→ Activity
Transcribe the lines exactly, beginning with the one that contains "実際に弊社で買取させて頂いたLAD MUSICIAN/ラッドミュージシャン 16AW" and ending with the final line of the records. Do not transcribe pictures.

Brief descriptive captions

═══

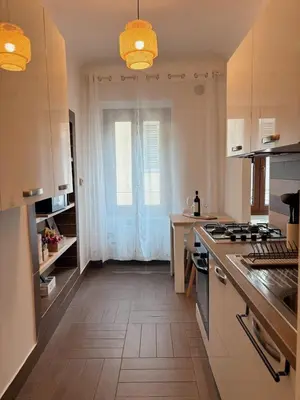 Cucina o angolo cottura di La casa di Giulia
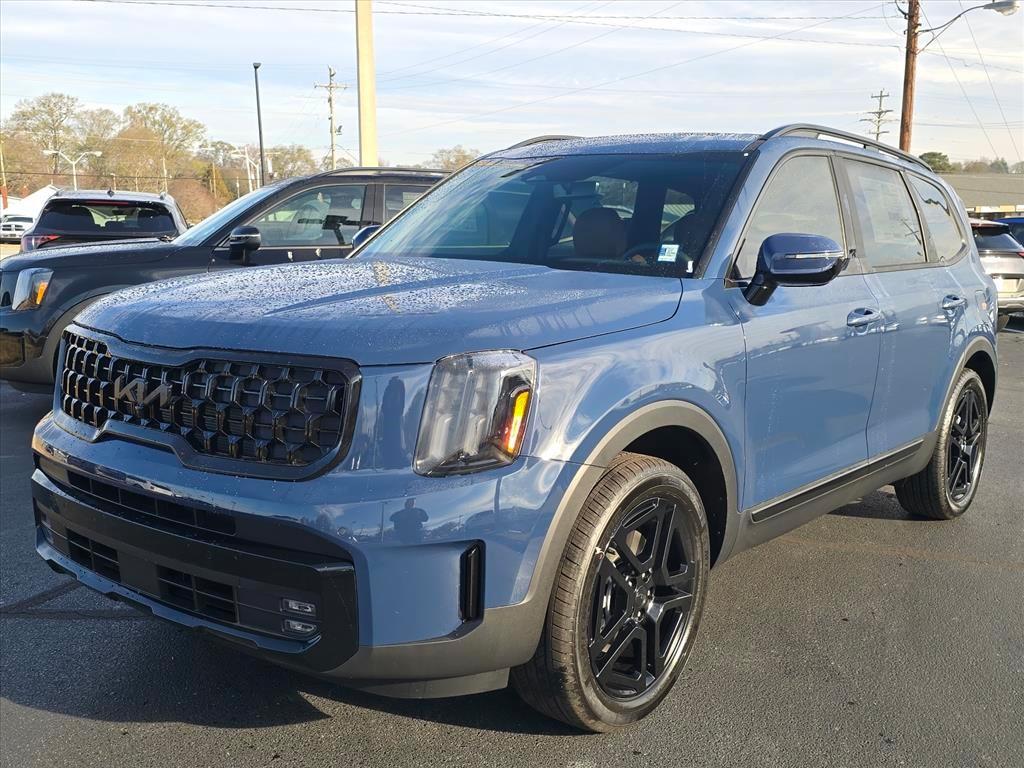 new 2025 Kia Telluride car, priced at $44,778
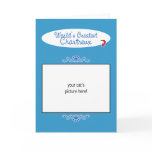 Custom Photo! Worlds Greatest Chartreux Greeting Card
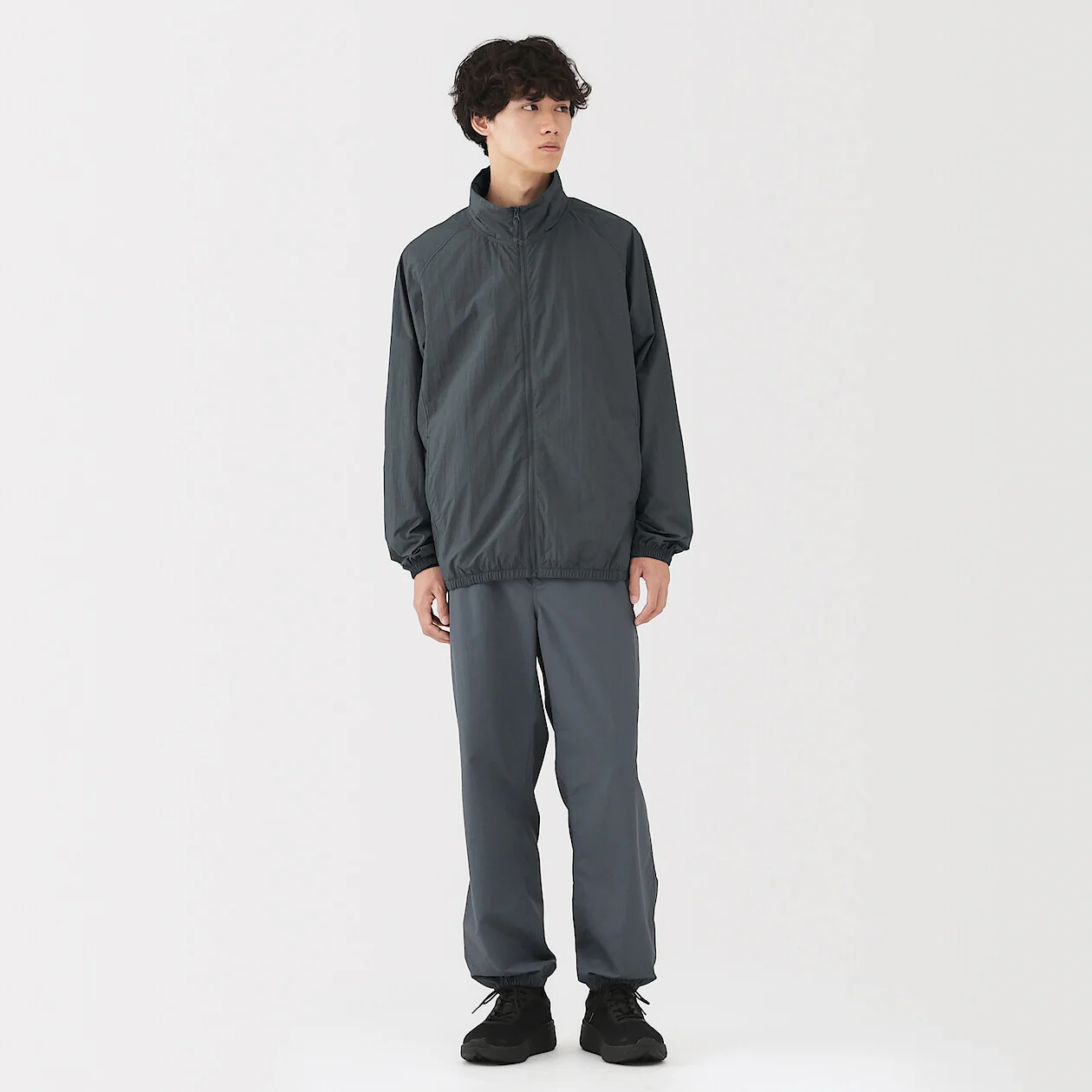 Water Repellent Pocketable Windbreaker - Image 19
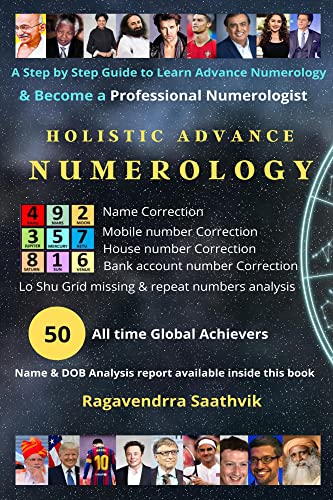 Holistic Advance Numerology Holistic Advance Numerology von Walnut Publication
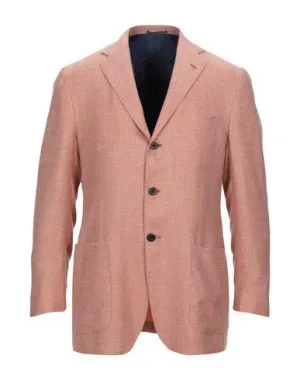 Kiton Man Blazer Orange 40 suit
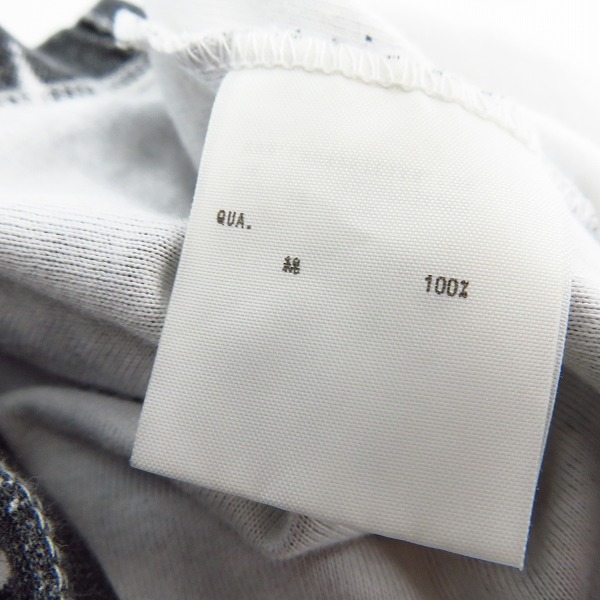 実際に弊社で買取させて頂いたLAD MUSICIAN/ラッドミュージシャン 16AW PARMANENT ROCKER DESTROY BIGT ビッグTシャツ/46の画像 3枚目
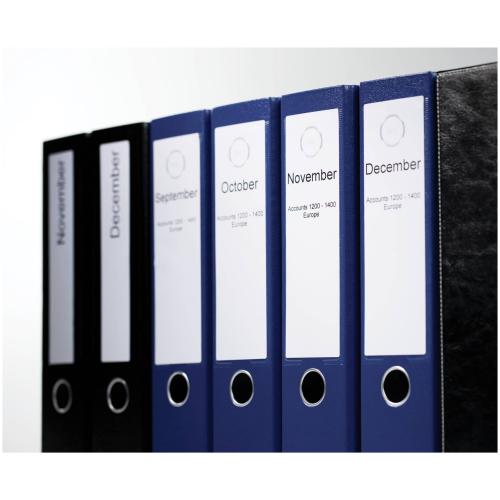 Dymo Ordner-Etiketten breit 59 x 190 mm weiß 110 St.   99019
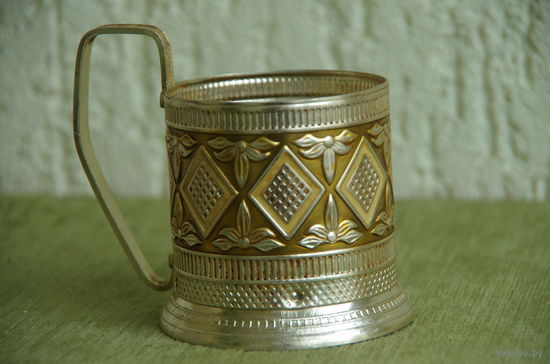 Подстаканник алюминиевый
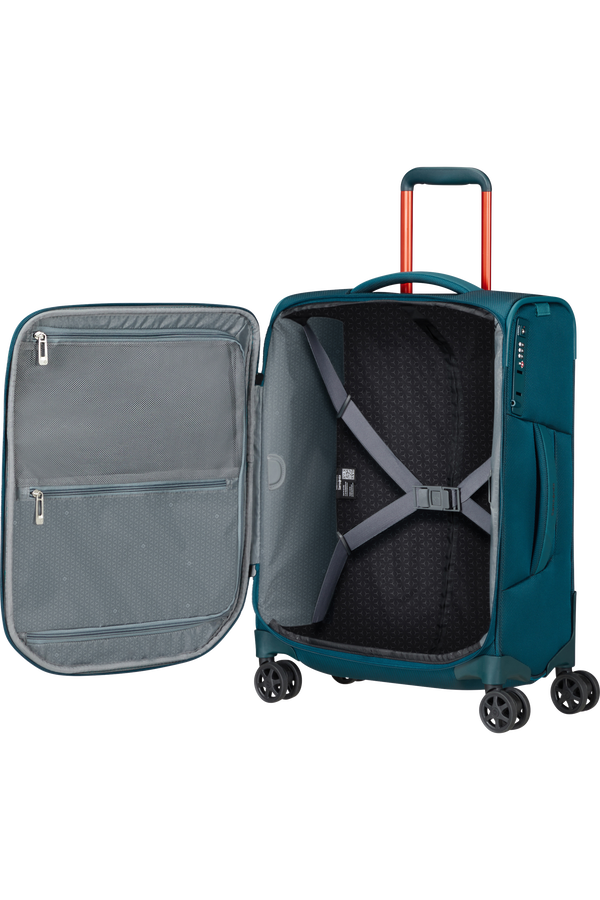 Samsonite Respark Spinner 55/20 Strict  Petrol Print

═══

→ Answer to this exercise
 実際に弊社で買取させて頂いたLAD MUSICIAN/ラッドミュージシャン 16AW PARMANENT ROCKER DESTROY BIGT ビッグTシャツ/46の画像 3枚目
 Dymo Ordner-Etiketten breit 59 x 190 mm weiß 110 St.   99019
 Подстаканник алюминиевый
 Samsonite Respark Spinner 55/20 Strict  Petrol Print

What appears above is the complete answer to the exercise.